Students who wish to receive feedback on their work for any course assignment should first open an issue on the issue tracker for their assignment's GitHub repository, giving an appropriate title and description for the type of feedback that you would like the course instructor to provide. After creating this issue, you will see that GitHub has created a unique web site that references it. To alert the course instructor to the fact that the issue was created and that you want feedback on your work, please send it to him by a Slack direct message at least 24 hours in advance of the project's due date. After the instructor responds to the issue, please resolve all of the stated concerns and participate in the discussion until the issue is resolved and ultimately marked as closed.

Assessment Delivery

The course instructor invites students to incrementally complete all of the learning objectives for a technical challenge, laboratory assignment, and practical assignment. As long as your work passes all of the GatorGrader checks before an assignment's deadline, you will receive full credit for that part of your assignment grade. After the deadline for project submission, all grades for the course projects will be reported through a student's GitHub repository using either messages in the GitHub repository's commit log, issues raised in the issue tracker, or comments on a pull request in the GitHub repository. Students should ask questions about their grade for any project on GitHub so as to facilitate an effective conversation about the submitted deliverables and to ensure that a student can ultimately master all of the technical knowledge and skills developed as part of that assignment's exploration of a specific topic in the field of discrete structures.

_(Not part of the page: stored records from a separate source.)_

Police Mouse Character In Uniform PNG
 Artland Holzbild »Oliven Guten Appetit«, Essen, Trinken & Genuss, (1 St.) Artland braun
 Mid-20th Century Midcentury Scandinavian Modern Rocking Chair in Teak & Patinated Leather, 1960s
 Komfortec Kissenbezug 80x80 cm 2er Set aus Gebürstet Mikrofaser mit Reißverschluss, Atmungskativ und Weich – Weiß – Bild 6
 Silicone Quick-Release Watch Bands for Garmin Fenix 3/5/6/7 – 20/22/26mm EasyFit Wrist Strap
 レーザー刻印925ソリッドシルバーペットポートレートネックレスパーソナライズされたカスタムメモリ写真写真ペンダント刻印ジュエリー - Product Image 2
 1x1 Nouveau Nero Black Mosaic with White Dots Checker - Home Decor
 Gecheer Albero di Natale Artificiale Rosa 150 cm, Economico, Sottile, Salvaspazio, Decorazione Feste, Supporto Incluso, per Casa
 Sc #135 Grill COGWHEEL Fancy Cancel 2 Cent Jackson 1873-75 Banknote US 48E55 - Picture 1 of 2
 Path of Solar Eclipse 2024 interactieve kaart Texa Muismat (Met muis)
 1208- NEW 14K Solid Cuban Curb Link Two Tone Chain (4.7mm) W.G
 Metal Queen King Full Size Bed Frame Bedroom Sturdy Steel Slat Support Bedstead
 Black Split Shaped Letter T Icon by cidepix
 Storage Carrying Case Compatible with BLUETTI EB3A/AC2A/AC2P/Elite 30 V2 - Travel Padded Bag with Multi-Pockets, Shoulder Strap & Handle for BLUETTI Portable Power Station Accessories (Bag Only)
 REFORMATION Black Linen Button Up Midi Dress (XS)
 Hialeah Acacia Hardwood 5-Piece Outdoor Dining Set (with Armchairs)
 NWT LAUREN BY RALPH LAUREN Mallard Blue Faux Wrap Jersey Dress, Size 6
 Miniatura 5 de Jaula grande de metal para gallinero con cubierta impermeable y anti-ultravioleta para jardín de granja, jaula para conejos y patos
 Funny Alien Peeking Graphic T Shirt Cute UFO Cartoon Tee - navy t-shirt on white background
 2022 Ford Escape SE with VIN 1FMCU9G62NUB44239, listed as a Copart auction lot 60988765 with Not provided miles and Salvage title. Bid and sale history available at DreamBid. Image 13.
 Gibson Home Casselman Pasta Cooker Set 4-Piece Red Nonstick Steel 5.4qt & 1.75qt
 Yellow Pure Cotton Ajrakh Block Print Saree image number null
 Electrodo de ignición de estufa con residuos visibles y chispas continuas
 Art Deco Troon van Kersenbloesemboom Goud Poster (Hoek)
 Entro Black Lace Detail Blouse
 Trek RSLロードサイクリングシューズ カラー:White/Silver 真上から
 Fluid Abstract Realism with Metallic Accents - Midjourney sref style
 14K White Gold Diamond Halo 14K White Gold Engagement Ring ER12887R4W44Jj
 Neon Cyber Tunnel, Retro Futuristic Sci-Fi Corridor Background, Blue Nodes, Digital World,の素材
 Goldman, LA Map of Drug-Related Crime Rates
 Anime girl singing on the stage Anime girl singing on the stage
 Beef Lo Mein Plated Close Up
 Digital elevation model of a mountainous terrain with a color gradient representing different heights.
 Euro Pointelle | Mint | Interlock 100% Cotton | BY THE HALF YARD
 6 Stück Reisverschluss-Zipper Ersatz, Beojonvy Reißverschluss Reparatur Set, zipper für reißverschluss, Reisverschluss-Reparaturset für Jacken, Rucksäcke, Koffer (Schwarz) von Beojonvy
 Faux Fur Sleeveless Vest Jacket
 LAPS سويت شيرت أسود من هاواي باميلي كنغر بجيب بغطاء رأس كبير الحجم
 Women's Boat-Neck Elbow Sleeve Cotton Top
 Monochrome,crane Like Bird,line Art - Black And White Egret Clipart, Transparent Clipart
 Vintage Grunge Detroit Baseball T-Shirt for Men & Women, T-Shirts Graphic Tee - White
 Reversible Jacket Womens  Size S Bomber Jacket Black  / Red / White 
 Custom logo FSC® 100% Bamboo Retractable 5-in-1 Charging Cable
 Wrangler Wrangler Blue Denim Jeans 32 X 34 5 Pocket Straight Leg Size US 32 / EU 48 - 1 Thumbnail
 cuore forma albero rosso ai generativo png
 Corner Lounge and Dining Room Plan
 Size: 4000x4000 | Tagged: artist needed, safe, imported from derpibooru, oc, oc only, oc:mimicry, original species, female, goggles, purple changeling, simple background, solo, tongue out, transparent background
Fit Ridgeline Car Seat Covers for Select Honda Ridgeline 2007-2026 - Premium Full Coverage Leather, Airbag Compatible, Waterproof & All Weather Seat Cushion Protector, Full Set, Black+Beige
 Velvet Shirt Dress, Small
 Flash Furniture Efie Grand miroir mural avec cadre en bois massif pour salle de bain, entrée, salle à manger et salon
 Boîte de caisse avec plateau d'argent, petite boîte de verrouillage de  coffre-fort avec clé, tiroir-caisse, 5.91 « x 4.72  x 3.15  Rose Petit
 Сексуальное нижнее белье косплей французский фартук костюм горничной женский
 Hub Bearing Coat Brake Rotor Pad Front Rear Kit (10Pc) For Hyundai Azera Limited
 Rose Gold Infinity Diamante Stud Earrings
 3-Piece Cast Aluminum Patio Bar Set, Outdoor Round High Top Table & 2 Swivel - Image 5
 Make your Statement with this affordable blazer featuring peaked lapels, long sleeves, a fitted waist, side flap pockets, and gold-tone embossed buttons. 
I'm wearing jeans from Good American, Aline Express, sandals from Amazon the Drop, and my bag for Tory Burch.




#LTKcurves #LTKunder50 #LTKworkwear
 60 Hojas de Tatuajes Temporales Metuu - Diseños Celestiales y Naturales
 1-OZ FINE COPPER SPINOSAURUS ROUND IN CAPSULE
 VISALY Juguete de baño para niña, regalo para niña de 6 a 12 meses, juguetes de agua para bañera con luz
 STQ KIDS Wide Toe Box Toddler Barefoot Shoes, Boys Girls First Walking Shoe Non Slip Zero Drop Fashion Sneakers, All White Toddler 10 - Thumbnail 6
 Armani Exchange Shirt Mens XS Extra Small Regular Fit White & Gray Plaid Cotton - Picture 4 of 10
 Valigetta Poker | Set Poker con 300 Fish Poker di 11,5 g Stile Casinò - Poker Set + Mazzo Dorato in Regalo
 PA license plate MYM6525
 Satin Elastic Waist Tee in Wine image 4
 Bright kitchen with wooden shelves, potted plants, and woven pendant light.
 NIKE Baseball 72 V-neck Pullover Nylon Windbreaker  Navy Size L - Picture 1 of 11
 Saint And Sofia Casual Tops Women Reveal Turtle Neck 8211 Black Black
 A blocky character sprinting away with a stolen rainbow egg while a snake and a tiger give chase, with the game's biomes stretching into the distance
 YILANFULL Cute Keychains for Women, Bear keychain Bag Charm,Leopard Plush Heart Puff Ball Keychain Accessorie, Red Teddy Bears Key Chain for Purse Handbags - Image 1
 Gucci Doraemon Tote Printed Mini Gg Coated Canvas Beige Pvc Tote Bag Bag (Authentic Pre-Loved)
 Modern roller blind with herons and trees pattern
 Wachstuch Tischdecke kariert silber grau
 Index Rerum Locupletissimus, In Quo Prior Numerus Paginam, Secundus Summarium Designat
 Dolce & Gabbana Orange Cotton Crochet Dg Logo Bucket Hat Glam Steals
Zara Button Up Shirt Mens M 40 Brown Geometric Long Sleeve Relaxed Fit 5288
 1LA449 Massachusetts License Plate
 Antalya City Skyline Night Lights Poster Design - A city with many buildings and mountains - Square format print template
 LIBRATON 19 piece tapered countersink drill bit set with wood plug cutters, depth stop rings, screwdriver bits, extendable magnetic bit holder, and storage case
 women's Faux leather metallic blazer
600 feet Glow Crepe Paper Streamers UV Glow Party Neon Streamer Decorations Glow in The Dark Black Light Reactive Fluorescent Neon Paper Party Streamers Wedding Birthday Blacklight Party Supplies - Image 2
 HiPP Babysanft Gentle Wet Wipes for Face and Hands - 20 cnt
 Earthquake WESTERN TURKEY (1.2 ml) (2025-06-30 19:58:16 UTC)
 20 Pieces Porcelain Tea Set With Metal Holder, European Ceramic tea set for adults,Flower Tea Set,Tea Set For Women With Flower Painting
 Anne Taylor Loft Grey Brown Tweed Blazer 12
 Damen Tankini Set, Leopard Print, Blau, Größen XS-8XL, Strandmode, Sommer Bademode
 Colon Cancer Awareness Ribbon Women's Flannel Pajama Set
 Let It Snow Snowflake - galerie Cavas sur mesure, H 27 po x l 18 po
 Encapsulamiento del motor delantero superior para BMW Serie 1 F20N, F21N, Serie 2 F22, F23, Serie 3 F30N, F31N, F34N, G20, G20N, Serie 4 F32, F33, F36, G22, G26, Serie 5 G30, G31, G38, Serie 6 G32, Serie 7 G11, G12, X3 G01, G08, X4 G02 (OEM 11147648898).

Discussion of a Graded Assignment

Students who wish to receive feedback on their work for any graded course assignment should leave question in the same region of Github where the course instructor submitted the assignment's grade. For example, if the instructor submits your grade to a pull request in your repository for a laboratory assignment, then you should ask questions about your grade in that pull request, bearing in mind the need to @-mention the course instructor in the body of your comment. Students can continue to discuss the graded assignment with the course instructor until they understand all the technical topics that were the focus of the particular assignment.

Calculating Your Grade

The instructor will convert the specification-based grades that you received to a numerical grade for each type of assignment. The following example succinctly illustrates the calculation of your grade under the simplifying assumption that there are three of each type of assignment with the following grades:

Laboratory Assignments

  • Assignment One: 100%, ✔, ✔, ❌
  • Assignment Two: 81%, ❌, ✔, ❌
  • Assignment Three: 95%, ❌, ✔, ✔

Laboratory Assignment Grade:

  • Assignment One:

    (100 + ((1+1+0)/3)*100)/200
            0.833
    
  • Assignment Two:

    (81 + ((0+1+0)/3)*100)/200
           0.572
    
  • Assignment Three:

    (95 + ((0+1+1)/3)*100)/200
           0.808
    
  • Overall:

    (0.833 + 0.572 + 0.808) / 3 * 100
            73.767
    

Practical Assignments

  • Assignment One: ✔

  • Assignment Two: ❌

  • Assignment Three: ❌

  • Overall:

    (1+0+0)/3 * 100
          33.33
    

Technical Challenges

  • Assignment One: ✔

  • Assignment Two: ✔

  • Assignment Three: ✔

  • Overall:

    (1+1+1)/3 * 100
          100.00
    

Grading Percentages

  • Technical Assessments: 10%
  • Midterm Examination: 10%
  • Final Examination: 10%
  • Technical Challenges: 10%
  • Practical Assignments: 30%
  • Laboratory Assignments: 30%

Please note that these grading percentages supersede those originally specified in the course syllabus.

Questions About Your Grade

Before asking the course instructor a question about the calculation of your either assignment grades or your overall grade, please make sure that you have already consulted the GitHub repository for each assignment to see your grades and then calculated your grade using this approach outlined in this document. The course instructor will use your calculations to support the discussion of any questions that you have about how to calculate either your grade for the technical challenges, laboratory assignments, and practical assignments or your overall grade for the course.